Подобный обмен совершался и между общественным сознанием и творчеством таких, например, писателей, как Тургенев, Гончаров, Писемский. Но в пределах классического русского реализма социальная материя оформлялась как тип, то есть одномерное, единонаправленное сочетание качеств персонажа, либо как характер – противоречивое, динамическое их соотношение. У Чехова обнажившаяся социальная материя прорывает границы типов и даже характеров.
Речь при этом идет о персонажах центральных, несущих в произведении основную тематическую нагрузку. Вообще к персонажам первого плана и к персонажам второстепенным, эпизодическим издавна применялись разные методы. В изображении второстепенных лиц писатель обычно традиционнее; он отстает от самого себя.

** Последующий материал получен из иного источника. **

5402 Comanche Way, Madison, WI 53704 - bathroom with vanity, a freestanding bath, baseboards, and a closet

Так, в романтической прозе, наряду с романтическим героем, действуют нередко эпизодические персонажи, построенные еще по законам старого нравоописательного или сатирического романа. Другой пример: через романы Толстого проходит несметное множество эпизодических персонажей – помещики, мужики, солдаты, офицеры, участники дворянских выборов, посетители светских салонов и проч. и проч. Приводя в движение всю эту массу, Толстой, понятно, не мог изобразить каждое эпизодическое лицо в его противоречиях, текучести, неповторимости – словом, так, как он изображал Николеньку Иртеньева, Оленина, Пьера, князя Андрея, Левина, Нехлюдова. У Толстого персонажам не проблемным – не только массовым, но и таким, как старый князь Болконский или граф Илья Андреевич Ростов, – присуща еще дотолстовская типичность.

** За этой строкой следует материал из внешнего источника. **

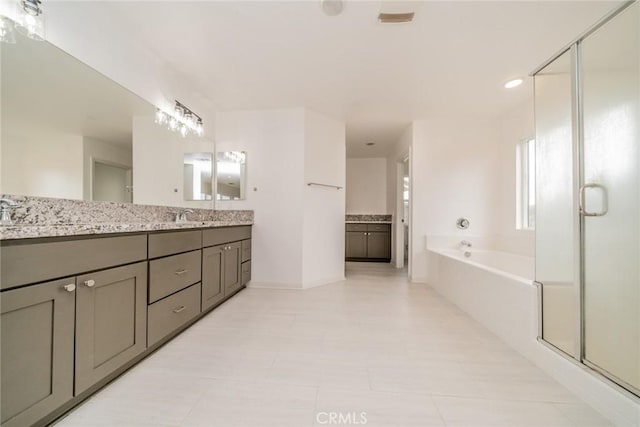 full bath featuring double vanity, a bath, a shower stall, and a sink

Все это применимо и к чеховской картине мира. Его проблемные герои – думающие, способные к самоосознанию, словом, те, за кем закрепилось название чеховских интеллигентов, – они именно как бы лишены характера. Не в том смысле, что они бесхарактерны (хотя налицо и это), но в том смысле, что составляющие их признаки не слагаются в индивидуальные конфигурации, которые так отчетливы у Толстого, несмотря на всю текучесть изображаемых им психических состояний. Толстой одновременно видит человека в его движении, изменяемости и в его резкой характерологической очерченности. Он все видит очень резко – человека с его стойкими качествами и мгновенно срабатывающую ситуацию, на которую человек реагирует неустойчиво, непредсказуемо. Чехов видит иначе, по-новому.
Какой, собственно, характер у Владимира Ивановича из «Рассказа неизвестного человека»? Определения его по преимуществу негативны – он безволен, его жизнь безрадостна и бесцельна.
В какой мере наделены неповторимым характером учитель словесности, Лаптев («Три года»), художник («Дом с мезонином»), Гуров («Дама с собачкой»), Михаил Полозов из повести «Моя жизнь»?
В разных вариантах это все тот же человек – неудовлетворенный, скучающий, страдающий, человек слабой воли, рефлектирующего ума и уязвленной совести. Это герои особой чеховской марки, и, создавая их, Чехов интересовался не индивидуальными характерами, но состояниями единого эпохального сознания.
Для изображения модификаций единого исторического сознания нужны были именно отдельные рассказы (не случайно срывались попытки Чехова написать роман) и в то же время поточность этих рассказов, слагающихся в общую картину мира, – иллюзия, в силу которой все написанное зрелым Чеховым воспринимается как одно, границ не имеющее произведение. Персонажи сменяют друг друга, а изображаемая жизнь переливается из рассказа в рассказ.
В свое время романтические герои также не обладали индивидуальным характером – каждый из них служил выражением эпохального сознания. Явление совсем другого порядка. Различие здесь не только в существе этого сознания, но и в самой структуре персонажа. Романтический герой был построением идеальным и обоснованным идеей избранности.
Чеховский герой – всегда обыкновенный человек, принципиально обыкновенный человек, во всей своей социальной обусловленности. А социальная обусловленность эпохи, изображенной Чеховым, неотделима уже от сугубой социальной дифференциации.
Русский классический реализм имел дело с большими социальными делениями сословного общества. Общество конца XIX века породило множество новых профессий и положений. Все более сложная, дробная иерархия устанавливалась и в разночинной среде. Отсюда и профессионализация литературного персонажа[325]. Сознание, изображенное Чеховым, предстает во множестве конкретных социальных воплощений.